With an expected global television audience of up to two billion, American businesses find the worldwide soccer market increasingly hard to ignore. But for most of America, the World Cup looks like hardly registering on the

Richter scale of sporting entertainment. Fifa may be around dollars 300m better off at the end of it all - and no doubt that's why we're here - but though football may have opened the wallets of the sponsors, it does not look like entering the souls of Americans. They have more than enough distractions already.

New York, for example, turns over big sports events faster than a street corner stall does hamburgers. Just this week, the city's ice hockey team, the New York Rangers, won the Stanley Cup at Madison Square Garden, claiming a

trophy that had eluded them for 54 years, and triggering a ticker- tape reception on Seventh Avenue like the end of World War Two.

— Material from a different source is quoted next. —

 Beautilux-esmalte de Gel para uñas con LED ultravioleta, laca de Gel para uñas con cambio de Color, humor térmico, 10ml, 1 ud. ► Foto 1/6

At the same venue, the following night, the Knicks, the local basketball team, had a huge crunch game in another series, and the New York Mets seem to play baseball every night. So what's so special about this soccer game on a Saturday afternoon?

Really one cannot imagine any of the world's cities outside of North America not being dominated by an event like the World Cup. Yet, despite the hordes of football fans already here, and the long-standing presence of the Irish and Italian communities in the city, New York looks as if, like the rest of America, it will gladly 'do the business' but keep its heart well away from its wallet.